The Hill ^ | January 13, 2016 | Jonathan Swan

Posted on 01/13/2016 2:26:20 PM PST by Repealthe17thAmendment

Major GOP donors and fundraisers are wondering whether they’re wasting their money on super-PACs.

They say they’re not ready to abandon the super-PACs, but they’re starting to look for ways to make them more effective during a presidential cycle that has challenged conventions about how to spend political donations.

GOP front-runner Donald Trump’s relatively cheap campaign — contrasted with the millions of dollars spent on behalf of Jeb Bush, John Kasich, Scott Walker and Rick Perry — has left donors, fundraisers and conservative leaders questioning the value of super-PACs, which got a boost from the 2010 Supreme Court decision that allowed independent groups to raise unlimited cash.

“People are upset about the Citizens United decision; people are upset about all this money flowing into politics, but at the end of the day it has no impact,” said New York financier Anthony Scaramucci, who was a national finance co-chair for Scott Walker’s presidential campaign before moving to raise funds for Bush when Walker quit the race.

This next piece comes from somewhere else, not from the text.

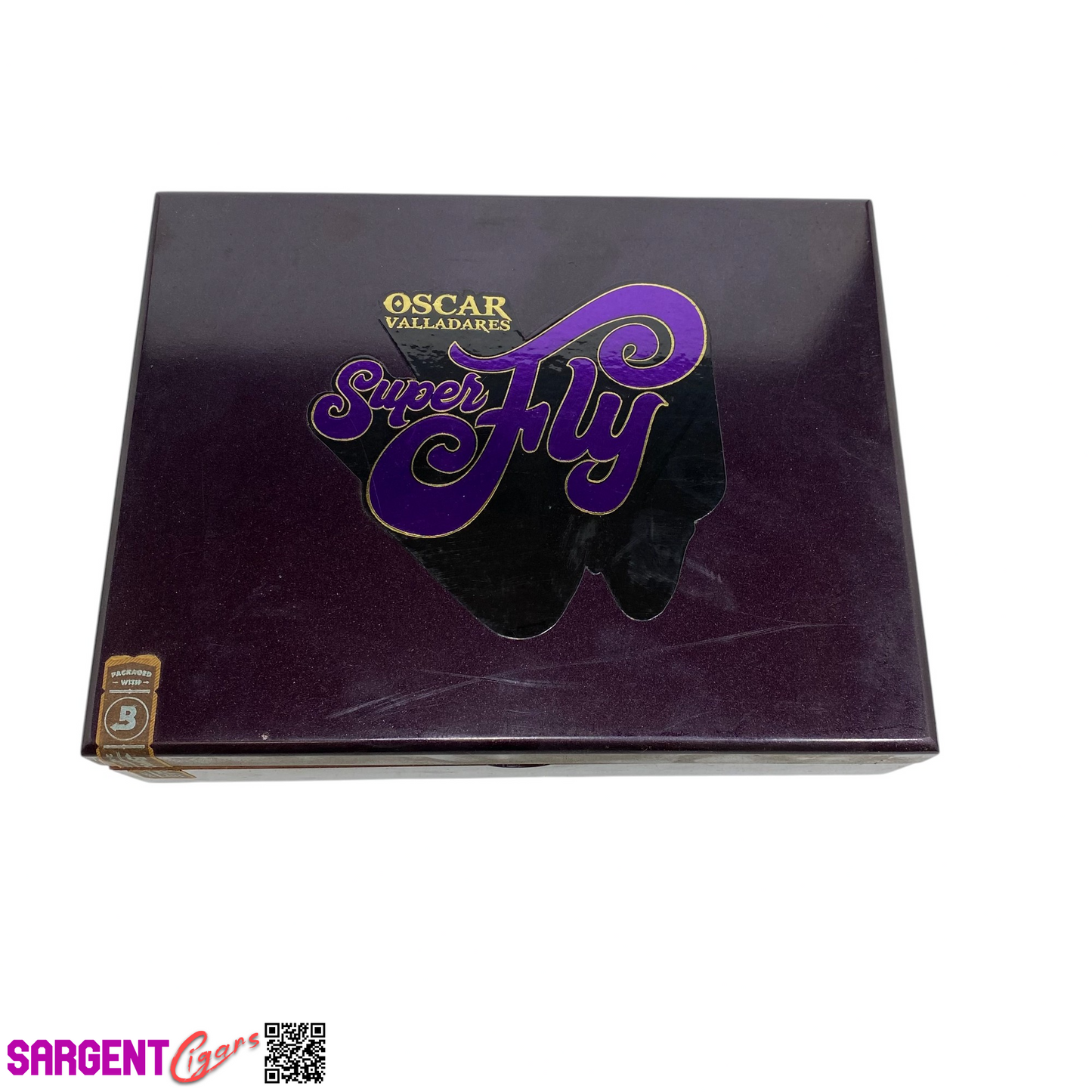 Superfly By Oscar Toro Empty Wooden Cigar Box 9x7x2 (1)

“I mean, with the free media, or whatever the term is, when they allow Trump to go on to every TV station in America — if there’s evidence that PACs are so consequential, please explain it to me,” Scaramucci said.

John Jordan, a California winery owner who is running a super-PAC to support Marco Rubio’s bid, agrees.

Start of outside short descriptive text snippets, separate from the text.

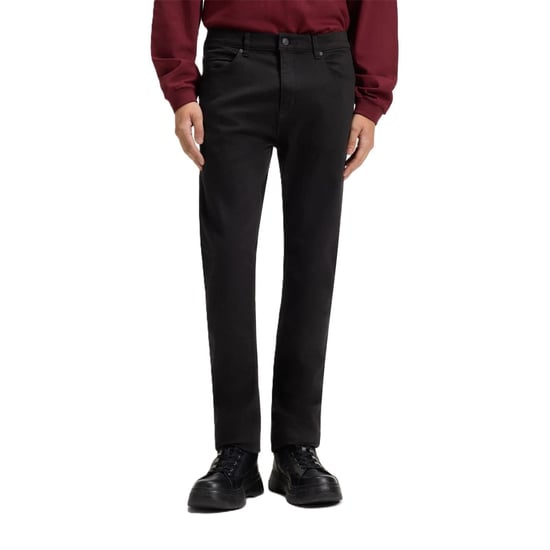 Men's Hugo Mid Rise Slim Fit Five Pocket Jeans in Black - Image 1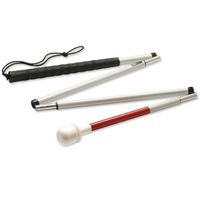 Ambutech 4-Sec Folding Graph Cane-Marsh Roller-42in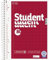 BRUNNEN Collegeblock Student Recycling | A5, Lineatur 5, 80 Blatt, rot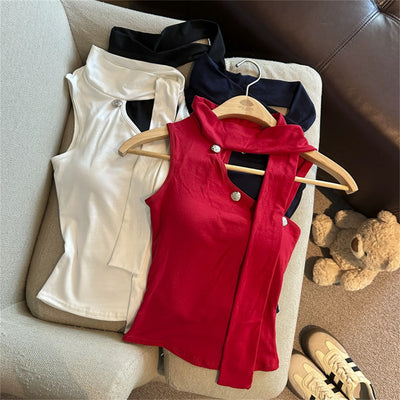 Elarose Scarfline Built-in Bra Top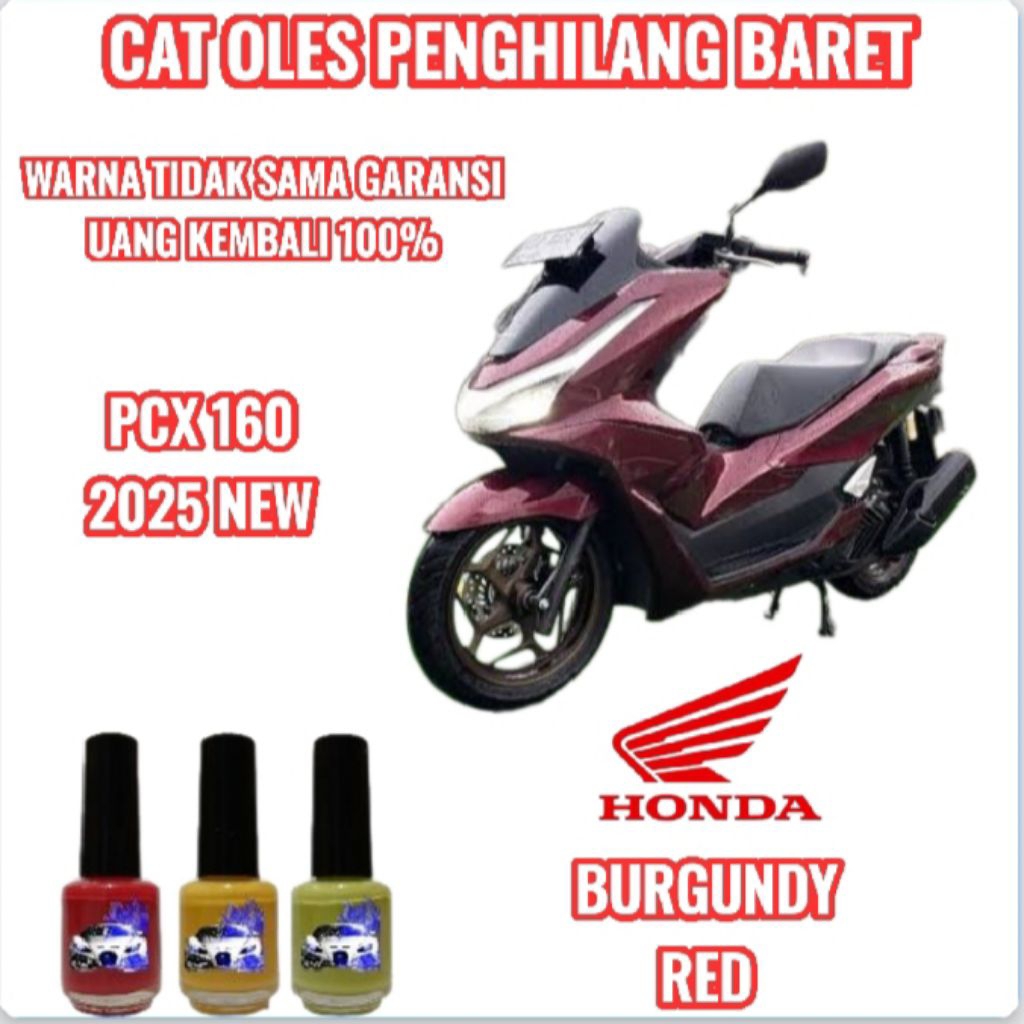 CAT OLES PENGHILANG BARET MOTOR HONDA PCX 160 BURGUNDY RED 2025 NEW TERMURAH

“Despite all the talk about money in politics, we are entering an era where big money is less and less important,” said Jordan, who nonetheless spends millions on politics, largely through his own super-PACs.

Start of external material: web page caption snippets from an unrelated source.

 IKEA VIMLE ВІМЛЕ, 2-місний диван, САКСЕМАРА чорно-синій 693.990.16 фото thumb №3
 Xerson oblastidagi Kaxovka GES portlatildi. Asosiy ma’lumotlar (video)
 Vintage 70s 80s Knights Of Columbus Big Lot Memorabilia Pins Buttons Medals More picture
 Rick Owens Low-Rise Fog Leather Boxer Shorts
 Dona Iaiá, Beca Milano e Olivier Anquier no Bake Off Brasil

The cautionary tale cited by nearly every donor or fundraiser interviewed on or off the record has been Bush. He has fallen in polls despite the more than $50 million already spent on his behalf by the group Right to Rise, which far outraised every other super-PAC with its mid-year haul of $103 million.

“I think the whole idea of super-PACs has been overrated,” said Fred Malek, finance chairman of the Republican Governors Association.

“Super-PACs can only do so much,” Malek added, pointing out that they pay vastly higher rates for TV ads than campaigns do, meaning that eye-popping super-PAC bank accounts might not have as much buying power as they appear to.

In conversations over the past six weeks, a number of major Right to Rise donors have privately told The Hill that they are holding on to hope that the political action committee can turn things around.

And, while doubts are mounting, none of the super-PAC’s largest donors interviewed was willing to publicly abandon the group’s leader, Mike Murphy. Murphy has been trying to reassure them that his is a winning strategy and that their six- and seven-figure checks are being judiciously spent.

But Republican doubts about super-PACs’ efficacy go much deeper than questioning Right to Rise’s performance.

Jordan, the Rubio supporter, says the conservative donors he talks to “are in the head-scratching phase.”

“They haven’t figured out what is going on,” he said. “They just know that the usual stuff is not working.

Jordan says he is focused on generating “earned media,” content that will be entertaining enough for people to watch and share with friends. He believes that large ad campaigns have mostly been a waste of money this election cycle.

“The ads have become so familiar, so formulaic and so predictable,” Jordan said. “Political consultants think that if you buy enough gross rating points, it will move numbers. That has been true in the past. It’s not true now.”

Ray Sullivan, a former co-chair of Perry’s presidential super-PAC who switched to help Bush after Perry exited the race, agrees that big spending is showing fewer results.

“The reality show nature of this campaign cycle … diminishes the role of big money. Fundraising prowess really sets a floor for possible success but doesn’t always raise the ceiling.”

Yet with so much money invested to date, Republican consultants and candidates are not about to give up on their super-PACs.

Former House Speaker Newt Gingrich (Ga.) ran surprisingly close to the Republican nomination in 2012 thanks in part to his supporting super-PAC. Financed almost entirely by Las Vegas billionaire Sheldon Adelson, the pro-Gingrich group so deeply wounded the ultimate nominee, Mitt Romney, that some conservative leaders still blame it for his general election loss to President Obama.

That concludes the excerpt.